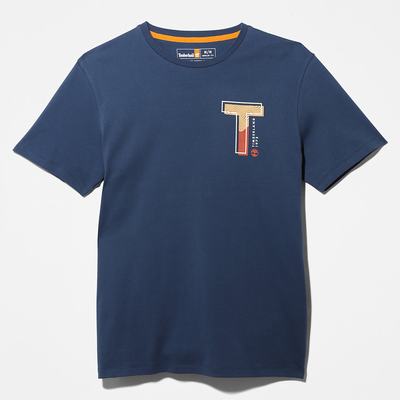 Timberland Interlock TimberFresh™ Tişört Erkek Mavi | TR-7453U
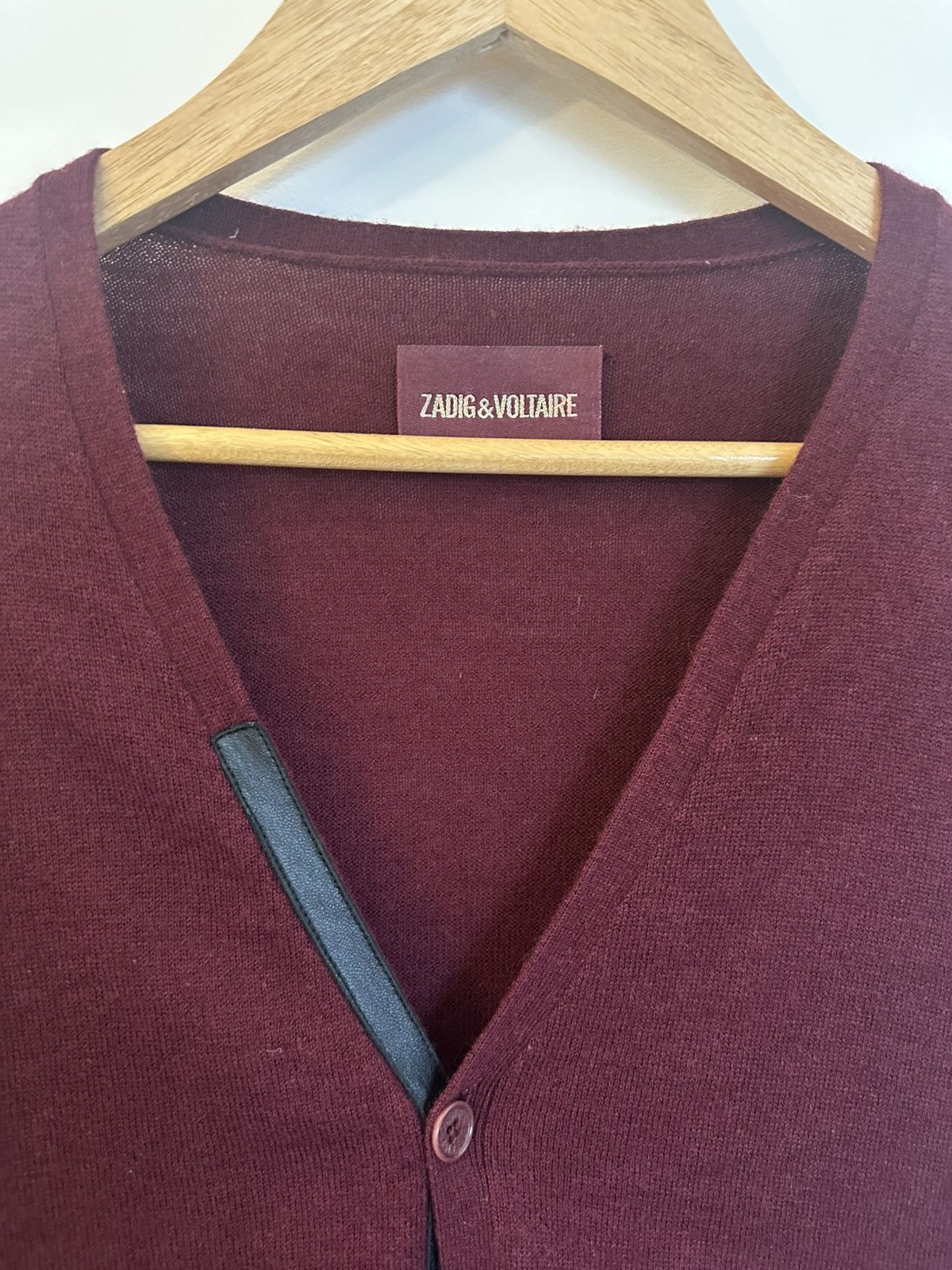 Zadig & Voltaire Mauve Cardigan Zadig & Voltaire Size US S / EU 44-46 / 1 - 4 Thumbnail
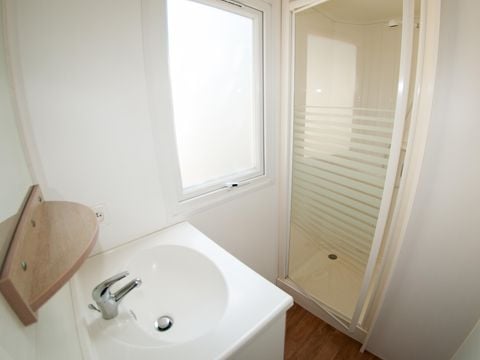 MOBILHOME 6 personnes - ECO Mobil home 3ch. MAGDALENA (+ de 10 ans) 29m² + Terrasse semi-couverte 6 pers
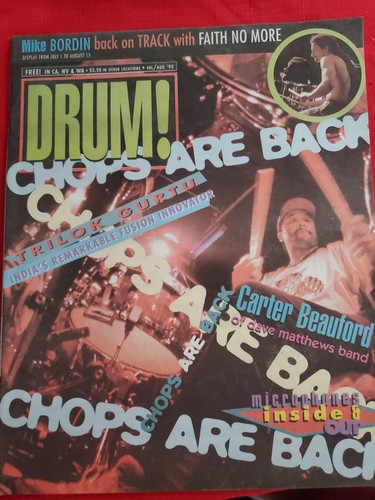 Drum magazine carter beauford - carter,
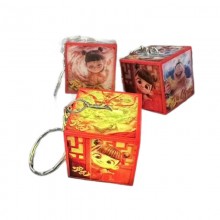 Ne Zha 2 colorful luminous key chain pendant (with button battery)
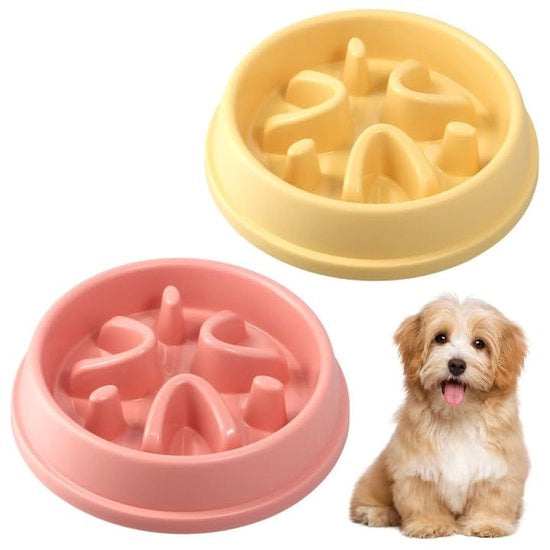 Doppio set di tazze per lento alimentazione per animali domestici, tazze per lento alimentazione per animali domestici, alimentazione lenta per piccoli e medi animali domestici, tazza interattiva per alimentazione lenta per cani e gatti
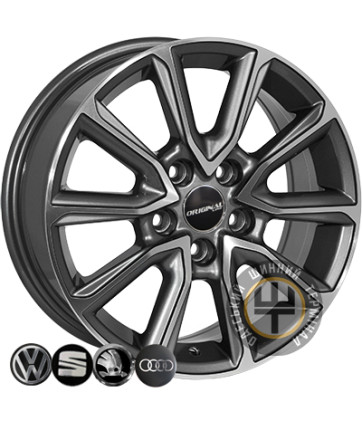 Zorat Wheels BK5344 6.5x16 5x112 ET40 DIA57.1 Grey Polished (Темно-серый с полированной лицевой частью)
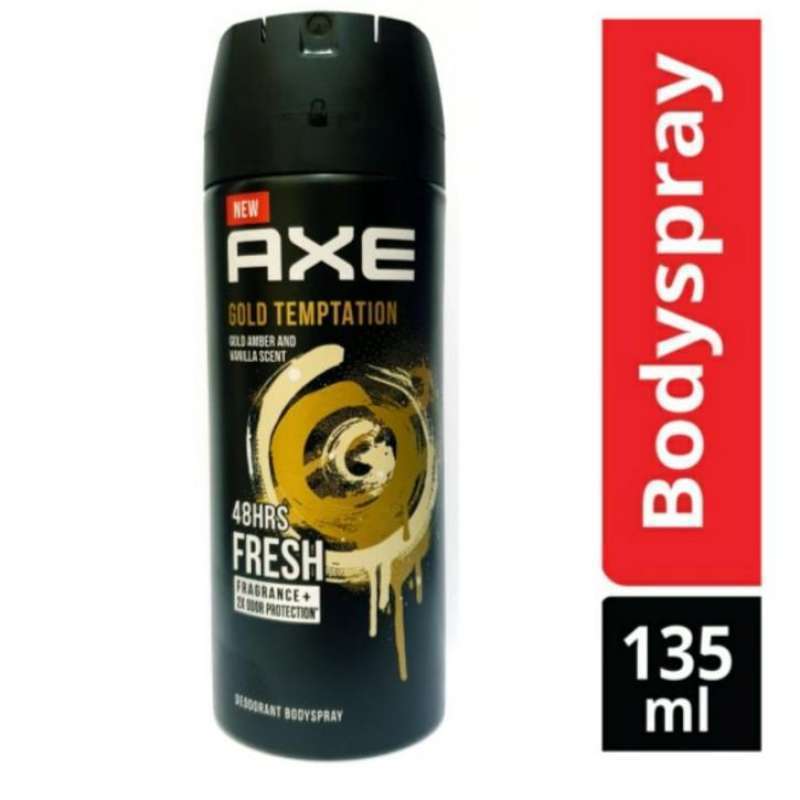 Promo Axe Deodorant Body Spray Gold Temptation 135 ml // Black 135ml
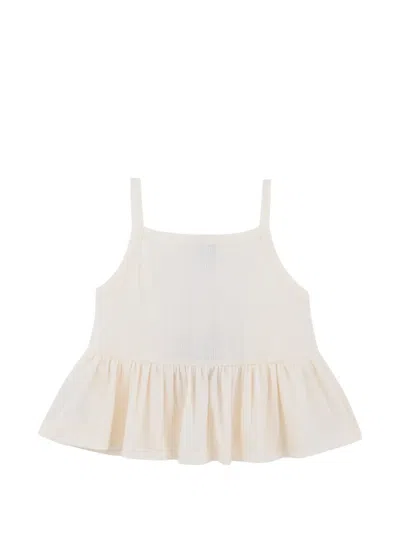 Mimi Tutu Ruffle Short Set In White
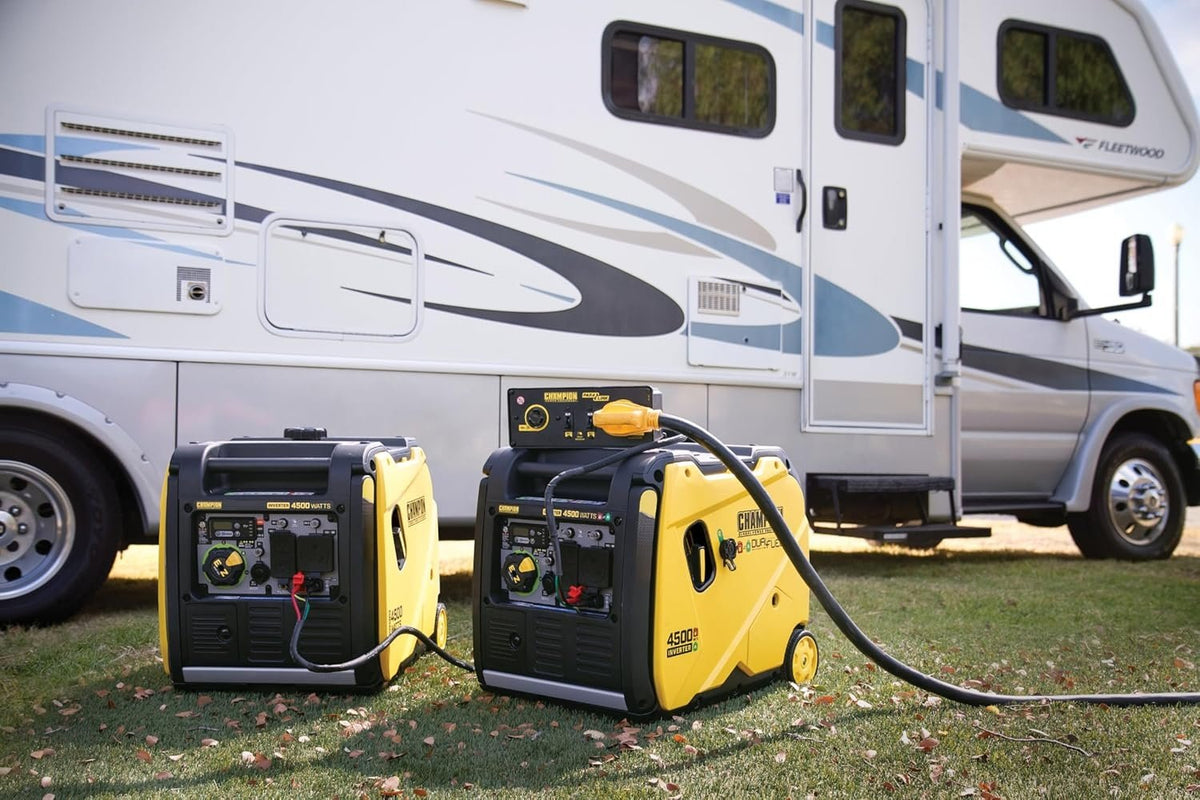 Champion 4,500-Watt Portable Dual Fuel Inverter Generator 200991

========================================

What lines above run from the one with "Drum magazine carter" to the one with "Mimi Tutu Ruffle Short Set In White"? Give them again exactly, ends included, and leave the pictures out.

→ **THE ANSWER**
 Drum magazine carter beauford - carter,
 Ne Zha 2 colorful luminous key chain pendant (with button battery)
 Doppio set di tazze per lento alimentazione per animali domestici, tazze per lento alimentazione per animali domestici, alimentazione lenta per piccoli e medi animali domestici, tazza interattiva per alimentazione lenta per cani e gatti
 Zorat Wheels BK5344 6.5x16 5x112 ET40 DIA57.1 Grey Polished (Темно-серый с полированной лицевой частью)
 Promo Axe Deodorant Body Spray Gold Temptation 135 ml // Black 135ml
 Mimi Tutu Ruffle Short Set In White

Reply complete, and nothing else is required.